= Slab Creek Dam =

Dam on the American River watershed in California

Slab Creek Dam is a dam in the American River watershed of the central Sierra Nevada, within El Dorado County, California.

The dam and reservoir impound the upper South Fork American River for hydroelectric power, and are named for Slab Creek, a nearby tributary.

==Dam==
The concrete arch dam was constructed in as part of the Upper American River Project by the Sacramento Municipal Utility District (SMUD). It has a height of 250 ft, and a length of 825 ft at its crest.

Slab Creek Dam is one of several dams and reservoirs owned by SMUD. Others include the 1959 Ice House Dam, the 1963 Loon Lake Dam, and the 1963 Union Valley Dam.

==Slab Creek Reservoir==
The reservoir the dam creates, Slab Creek Reservoir, has a normal water surface of 249 acres, and a normal capacity of 16,600 acre-feet. Recreation on and around the reservoir includes fishing, camping, and rafting.

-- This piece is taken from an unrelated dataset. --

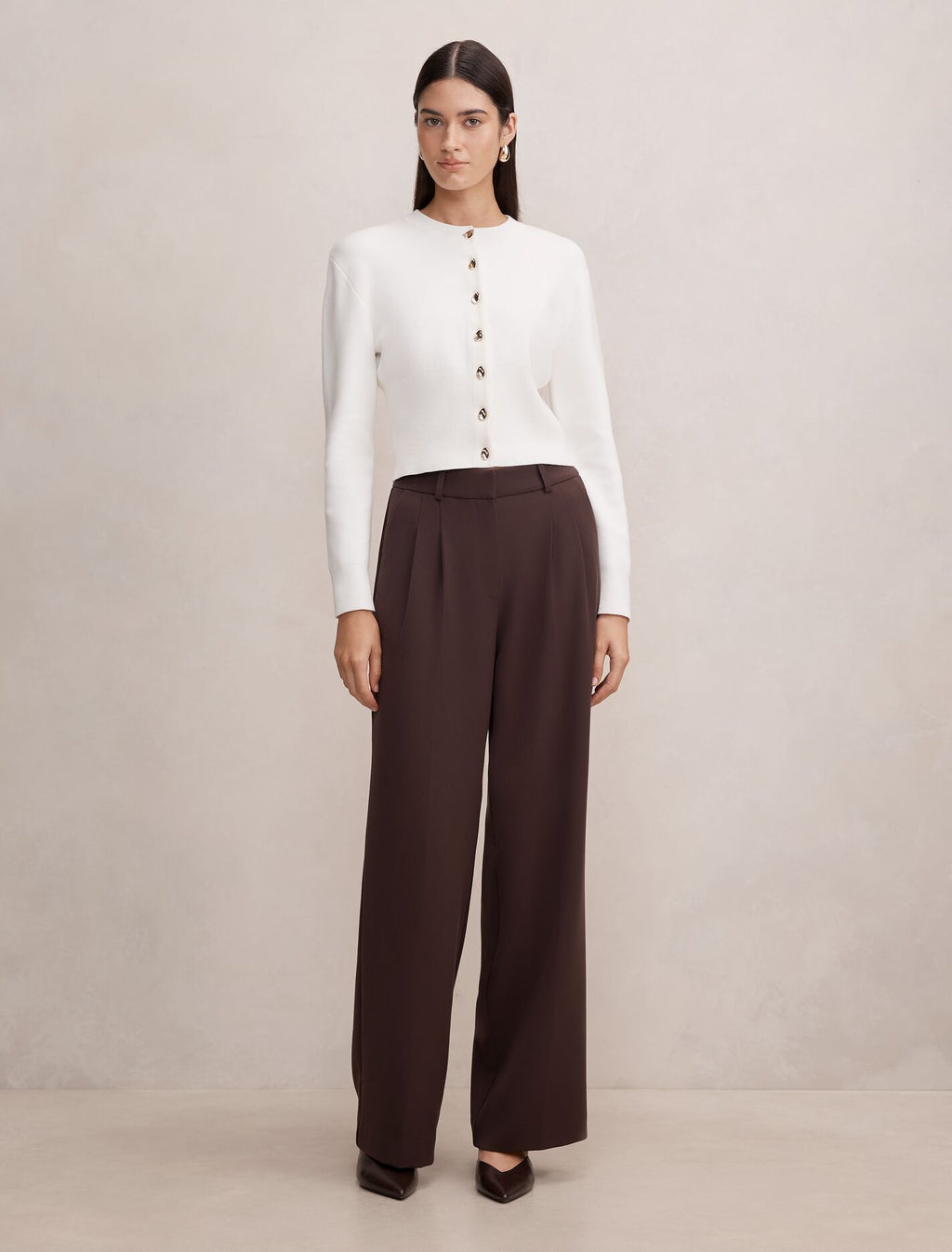 Kaia Deep Hem Cardigan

==Iowa Hill Pumped-Storage Project==
An additional project called the Iowa Hill Pumped-Storage Project was planned in 2001, which would have taken water from the Slab Creek reservoir during off-peak times, to be released for electricity generation at times of high demand. In February 2016 the project was cancelled, on the grounds that by the time it was completed, that type of storage would not be needed.